**What is needed**
Keep the lines exact and the pictures out as you repeat the following listing.

··· Provided material ···

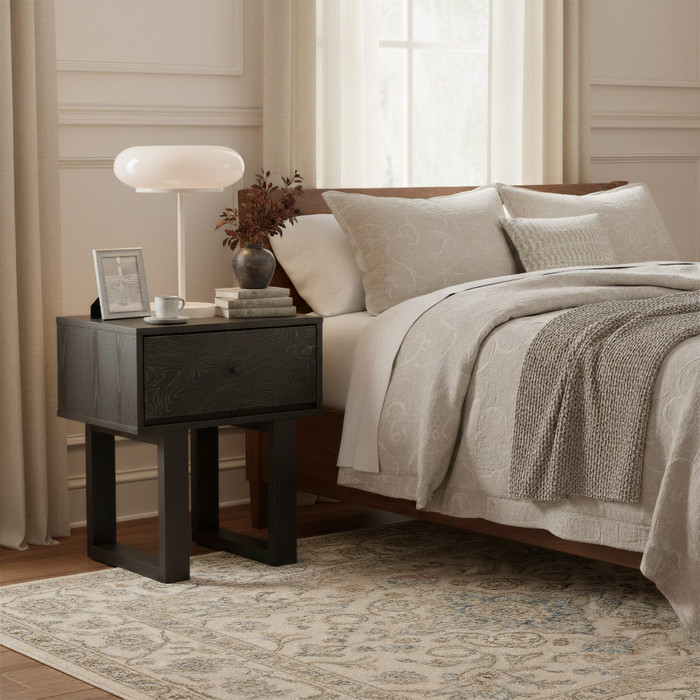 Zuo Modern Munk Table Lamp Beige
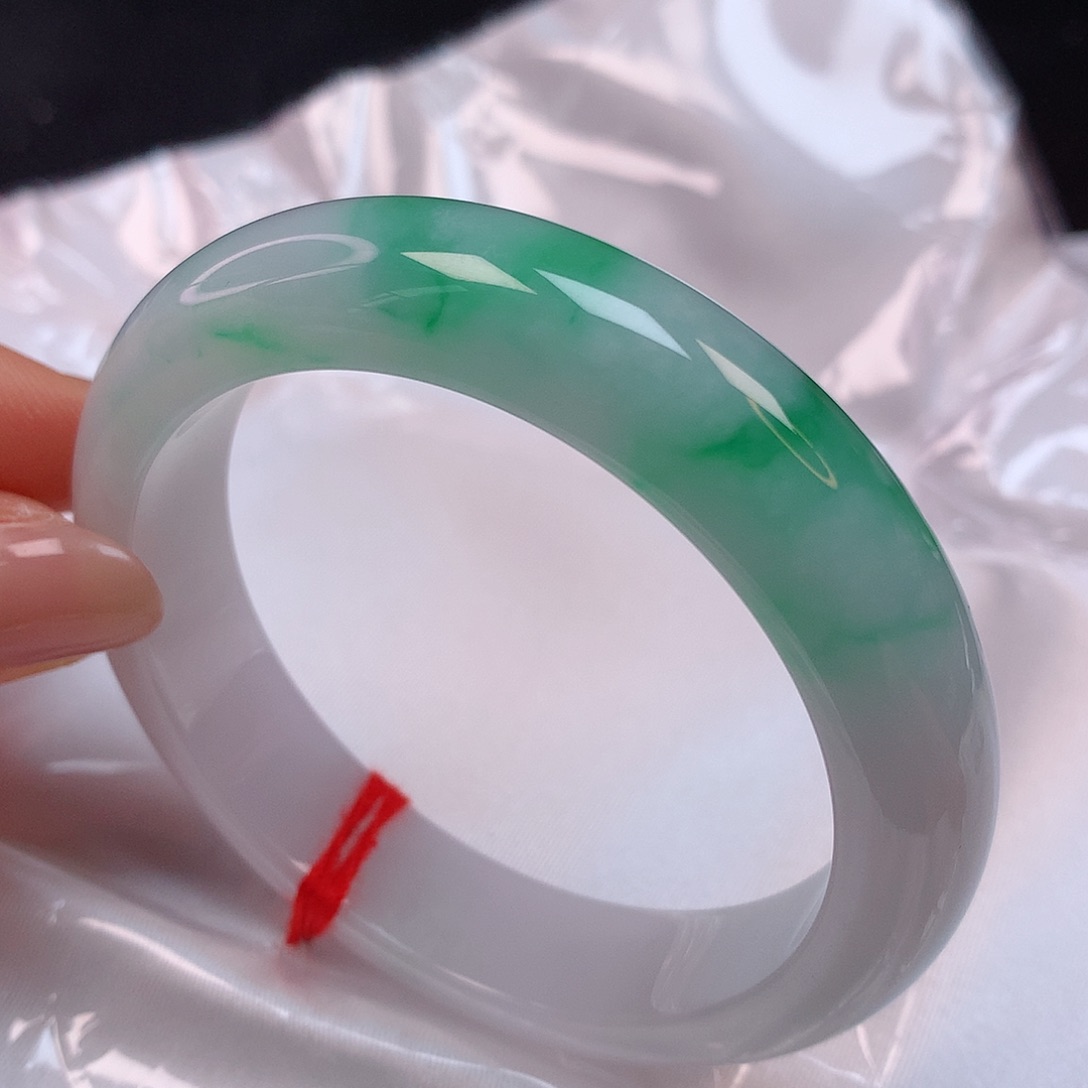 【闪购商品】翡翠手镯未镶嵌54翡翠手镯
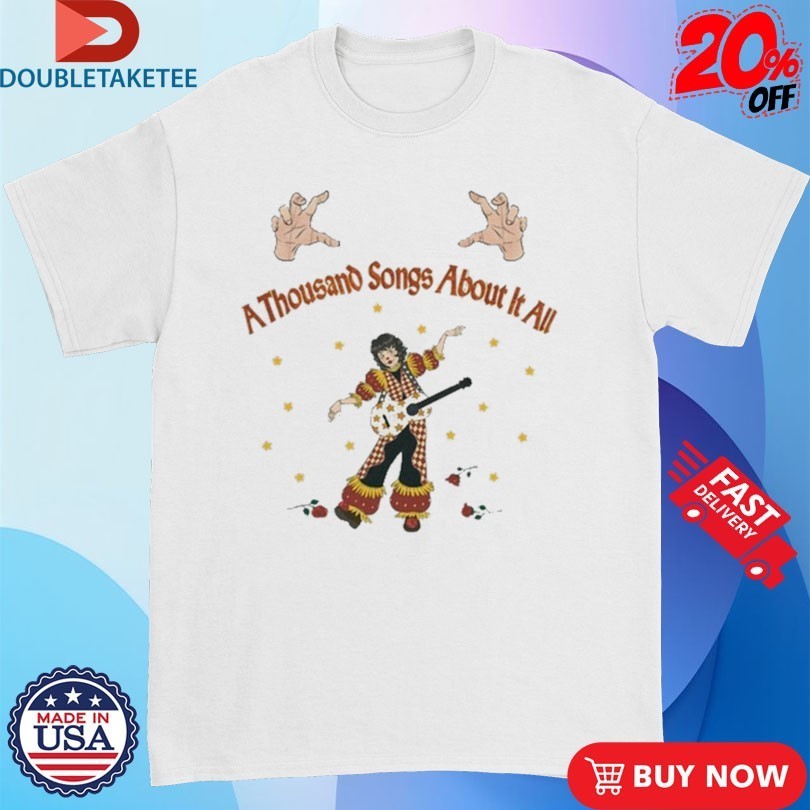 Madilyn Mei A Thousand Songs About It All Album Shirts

···

**Response area**
 Zuo Modern Munk Table Lamp Beige
 【闪购商品】翡翠手镯未镶嵌54翡翠手镯
 Madilyn Mei A Thousand Songs About It All Album Shirts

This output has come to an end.